The PR tier used the hundred-example golden set with exact match and rubric-based graders on a human-sampled 20%. No LLM-as-judge on the PR tier. Runtime dropped to eight minutes.
The LLM-as-judge tier was moved to a weekly cron job — not nightly, because the content update frequency was weekly. It ran on the full golden set, posted a Slack summary, and was owned by one person per week.
The quarterly human audit was scheduled on the team calendar with a named reviewer and a template for the drift report.
After the redesign, the bypass rate dropped to near zero.

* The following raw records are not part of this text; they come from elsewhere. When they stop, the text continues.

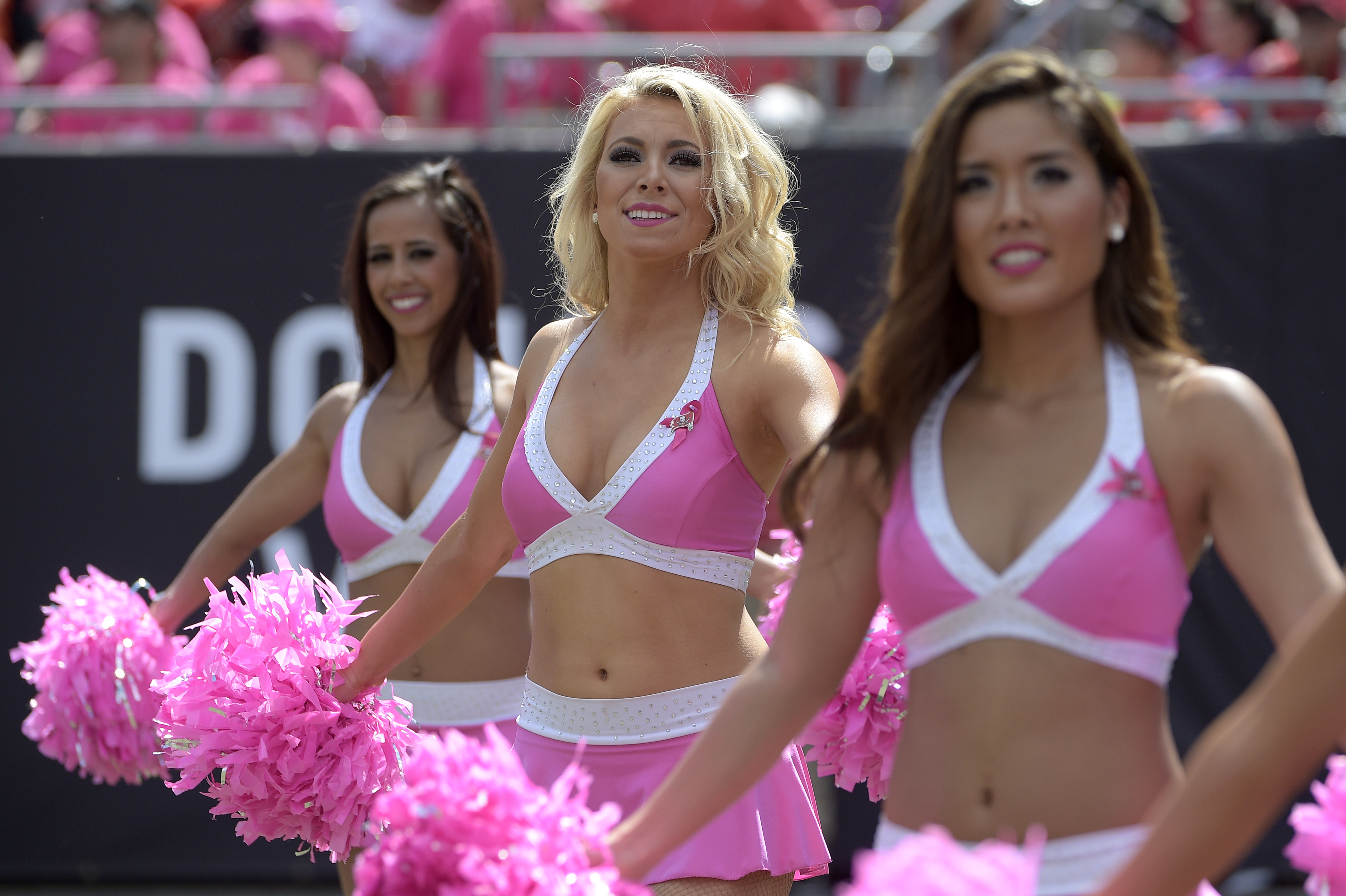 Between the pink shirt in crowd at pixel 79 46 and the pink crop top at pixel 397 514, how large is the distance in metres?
5.09

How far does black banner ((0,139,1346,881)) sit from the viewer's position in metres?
5.72

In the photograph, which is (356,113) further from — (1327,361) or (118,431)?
(1327,361)

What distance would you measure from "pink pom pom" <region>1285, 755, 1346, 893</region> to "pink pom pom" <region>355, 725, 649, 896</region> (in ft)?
2.75

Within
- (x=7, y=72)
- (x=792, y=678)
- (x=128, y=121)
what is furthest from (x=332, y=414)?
(x=7, y=72)

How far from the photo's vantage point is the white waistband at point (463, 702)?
11.7 ft

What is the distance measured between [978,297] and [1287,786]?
72 cm

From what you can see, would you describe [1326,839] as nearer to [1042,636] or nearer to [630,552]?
[1042,636]

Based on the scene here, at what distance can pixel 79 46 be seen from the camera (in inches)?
327

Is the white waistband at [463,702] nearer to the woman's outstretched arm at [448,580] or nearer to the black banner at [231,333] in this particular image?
the woman's outstretched arm at [448,580]

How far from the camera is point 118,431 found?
5969 millimetres

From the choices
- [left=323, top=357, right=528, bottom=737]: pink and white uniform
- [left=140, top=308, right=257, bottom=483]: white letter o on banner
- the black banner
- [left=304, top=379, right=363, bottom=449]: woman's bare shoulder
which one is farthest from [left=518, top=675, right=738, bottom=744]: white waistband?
[left=140, top=308, right=257, bottom=483]: white letter o on banner

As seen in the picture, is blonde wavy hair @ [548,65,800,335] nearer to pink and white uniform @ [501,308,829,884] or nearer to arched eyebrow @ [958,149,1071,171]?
pink and white uniform @ [501,308,829,884]

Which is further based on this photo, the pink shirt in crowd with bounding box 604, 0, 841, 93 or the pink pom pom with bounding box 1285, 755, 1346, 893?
the pink shirt in crowd with bounding box 604, 0, 841, 93

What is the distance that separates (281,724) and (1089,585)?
175cm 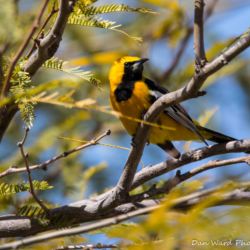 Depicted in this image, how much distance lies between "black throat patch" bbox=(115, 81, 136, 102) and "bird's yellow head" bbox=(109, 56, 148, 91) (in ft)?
0.52

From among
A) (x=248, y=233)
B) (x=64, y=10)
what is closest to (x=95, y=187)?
(x=64, y=10)

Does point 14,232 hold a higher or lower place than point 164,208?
lower

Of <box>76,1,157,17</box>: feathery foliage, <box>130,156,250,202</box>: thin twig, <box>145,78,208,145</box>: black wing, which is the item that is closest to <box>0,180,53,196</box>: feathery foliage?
<box>130,156,250,202</box>: thin twig

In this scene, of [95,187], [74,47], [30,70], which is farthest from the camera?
[74,47]

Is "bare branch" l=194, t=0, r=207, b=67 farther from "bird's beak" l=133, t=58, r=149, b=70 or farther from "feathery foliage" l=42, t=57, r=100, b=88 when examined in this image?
"bird's beak" l=133, t=58, r=149, b=70

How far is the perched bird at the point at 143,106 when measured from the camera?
304 centimetres

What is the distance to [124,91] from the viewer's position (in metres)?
3.23

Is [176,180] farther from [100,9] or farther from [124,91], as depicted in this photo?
[124,91]

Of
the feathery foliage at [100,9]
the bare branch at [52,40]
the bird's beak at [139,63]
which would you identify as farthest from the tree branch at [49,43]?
the bird's beak at [139,63]

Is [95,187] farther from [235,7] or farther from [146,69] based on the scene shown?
[235,7]

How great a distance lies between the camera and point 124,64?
12.3ft

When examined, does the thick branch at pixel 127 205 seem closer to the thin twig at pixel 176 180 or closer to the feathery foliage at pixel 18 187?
the thin twig at pixel 176 180

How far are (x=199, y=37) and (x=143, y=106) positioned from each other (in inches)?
61.4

The weekly LLM-as-judge run was read consistently. Two regressions were caught in the PR tier in the next six months that had previously slipped through the "run when someone remembers" regime.
The cost reduction was substantial. Monthly inference cost for the eval suite dropped from approximately $80 to approximately $12. The safety improvement was also real — not because the redesigned system ran more evals, but because it ran the right evals consistently.
Rules from this lesson
- Tier your eval suite. One-tier-fits-all either makes the gate too slow to respect or makes it too shallow to catch real regressions. Both failures are preventable by design.
- The smoke tier is fast and shallow on purpose. Never let it grow into a full PR-tier suite. Prune it when it grows.
- The quarterly tier needs a named owner and a calendar event. An untimed, unowned audit is not a tier; it is a good intention that will not survive a busy quarter.